Given its Andean genealogy, coca and cocaine held important cultural meanings in Peru. The scientific interest in cocaine was part of an awakening of Peruvian scientific nationalism. Lima’s medical elites and modern chemistry transformed the coca plant into medicinal cocaine in the nineteenth century. Peruvians took an herb steeped in Incan history and changed it into an exclusive and modern good. This early study of coca combined science and patriotism. Peruvian scientist’s proximity and experiences lent a privileged place as compared to scientists in Europe. With help from Peruvians like Moreno y Maíz and J. C. Ulloa, elite scientific nationalism made local and traditional coca and universal and scientifically modern cocaine into national subjects, or what Gootenberg calls “highland Andeanness.”
Peruvian scientist Alfredo Bignon’s place in the genealogy of cocaine as a world commodity cannot be underscored. His cocaine papers, published between 1884 and 1887, were investigations into coca and cocaine, but also laced with Peruvian nationalist and commercial overtones. Bignon’s prolific contributions to cocaine science rival that of Sigmund Freud. His cocaine papers were translated and published in major American, French, and German journals. Scientists like Bignon, combined with coca and cocaine, created an innate Peruvian nationalist culture and global commodity.
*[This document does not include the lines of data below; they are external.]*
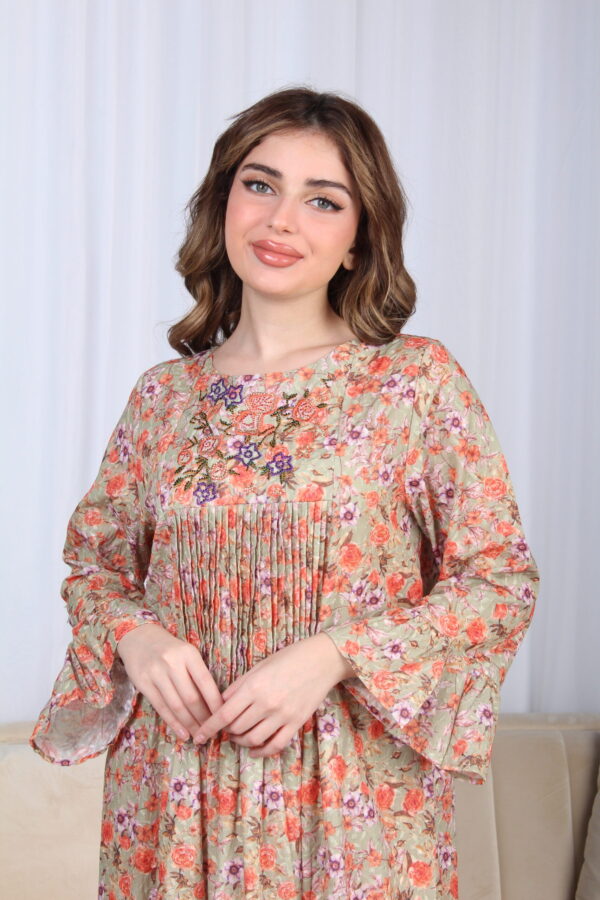⁦جلابيه خربزي خليجيه مطرزه بورود ملونه من امام و خلف⁩ - الصورة ⁦3⁩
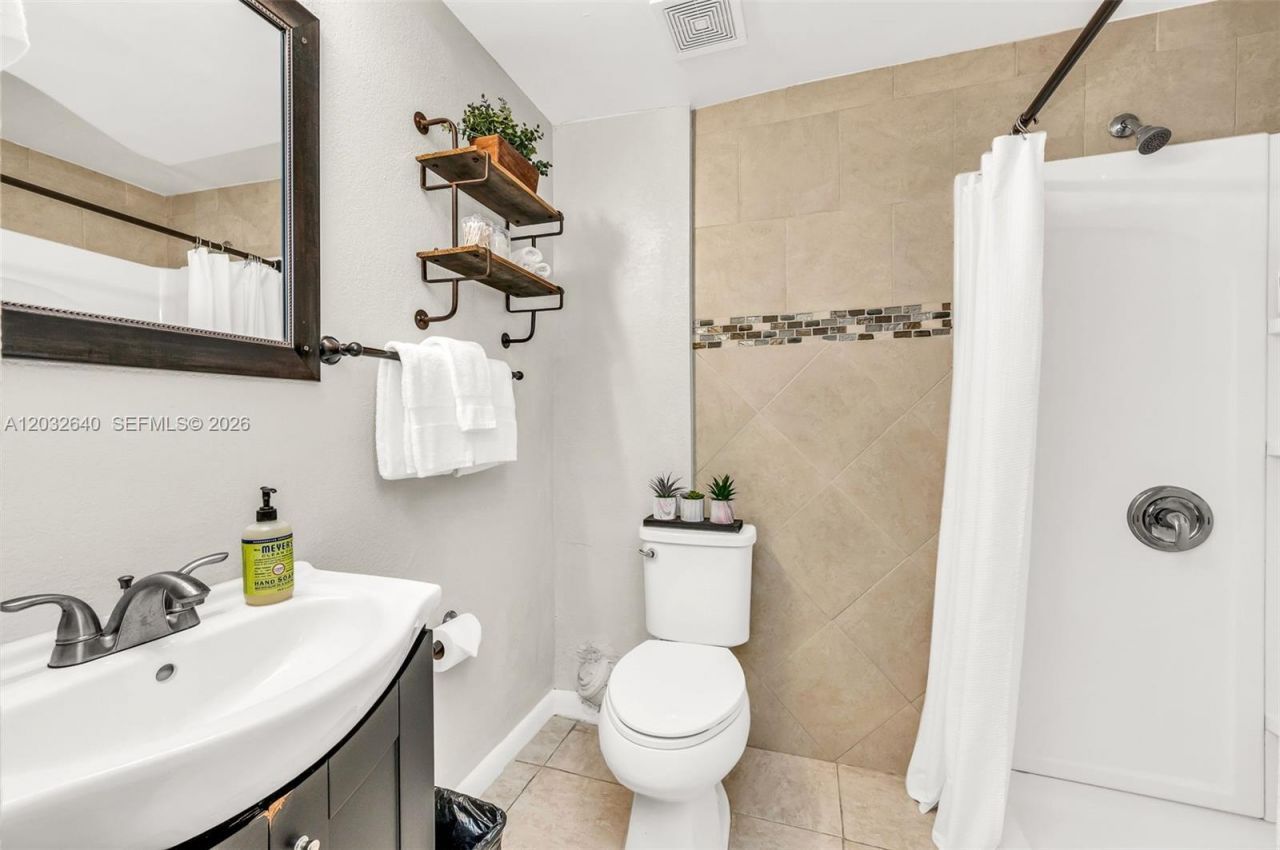 219 S 17th Ave S , Lake Worth, FL 33460 Photo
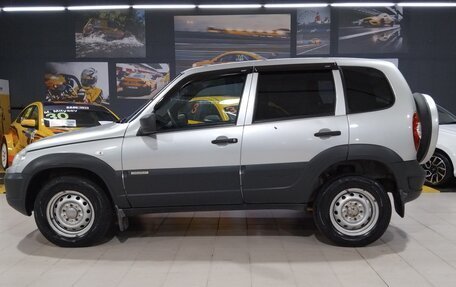 Chevrolet Niva I рестайлинг, 2017 год, 498 000 рублей, 2 фотография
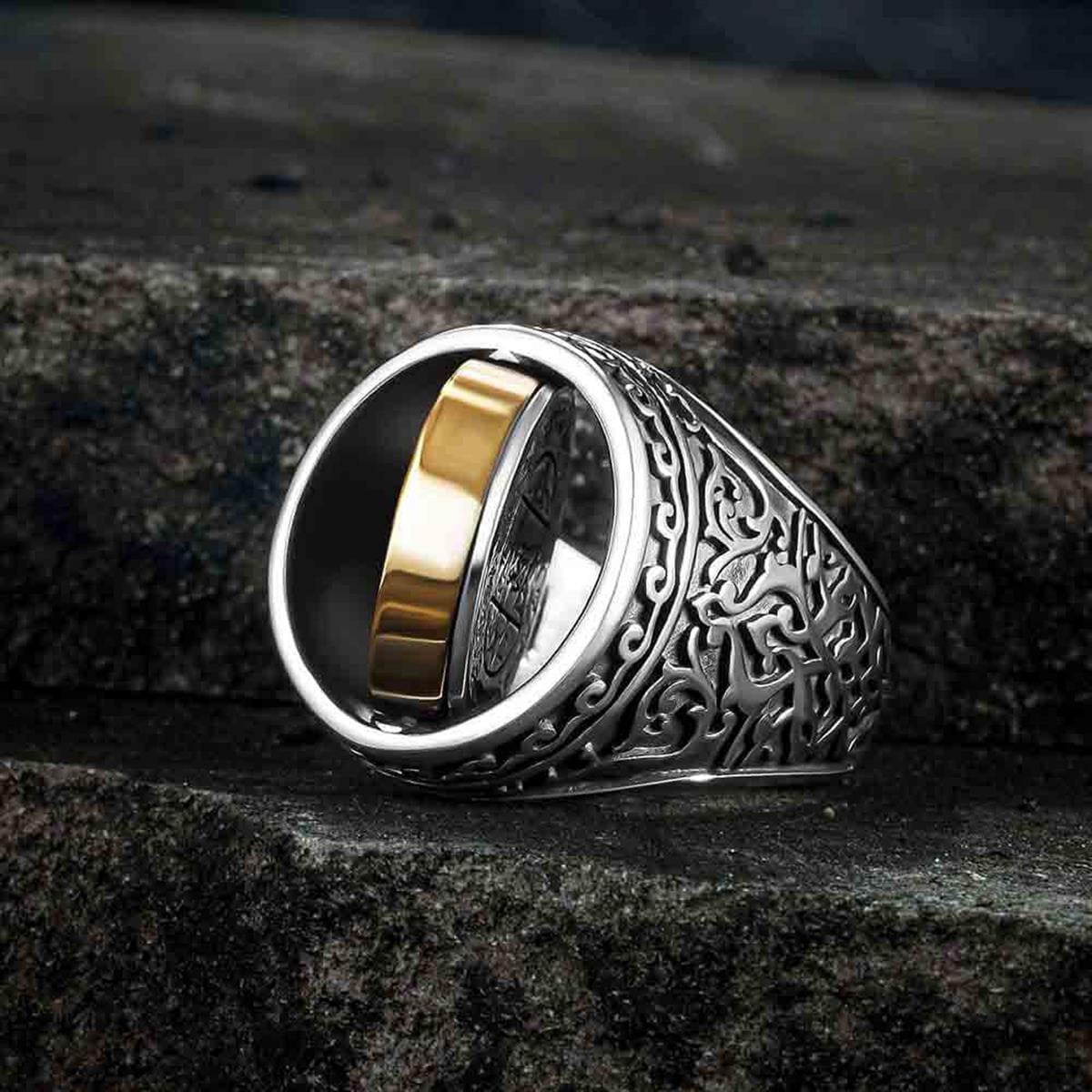 Rooted in centuries-old symbolism, this Turkish Silver Ring with Rotating Seal of Solomon blends spiritual heritage with bold craftsmanship.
 Despite the turn towards Colombian narcos for its sale and marketing, the cultivation remained in the hands of coca-growing peasant population of Peru and Bolivia. Peasant cultivation knowledge did not easily progress, and as such the cultivation technology remained largely unchanged. Significant changes in the history of cocaine technology occurred when Kitz began his crude cocaine refining technique. Without question German scientists deserve a nod for their contributions in the science of coca and cocaine. The late nineteenth-century principal center of cocaine research, production, and distribution was Germany. Emmanuel Merck and others came from a well-financed and influential pharmaceutical and scientific European bloc. With modern research models, Germany was able to dominate the early coca and cocaine commodity trade.
After the epic invention by Bignon, the Peruvian migrant Kitz was able to install coca profitably into the Amazon. With nationalist undertones cocaine was promoted as a commodity by native Peruvian Augusto Durand. Even during the decline phase of cocaine during the first part of the twentieth century, Peruvian merchant Andrés A. Soberón continued the exploitation of the Andean plant and cocaine. Coinciding with the rise of anticocainism in the twentieth century, cocaine passed underground to nameless and faceless chemists and narcos who continued to develop cocaine into one of the world’s most lucrative commodities.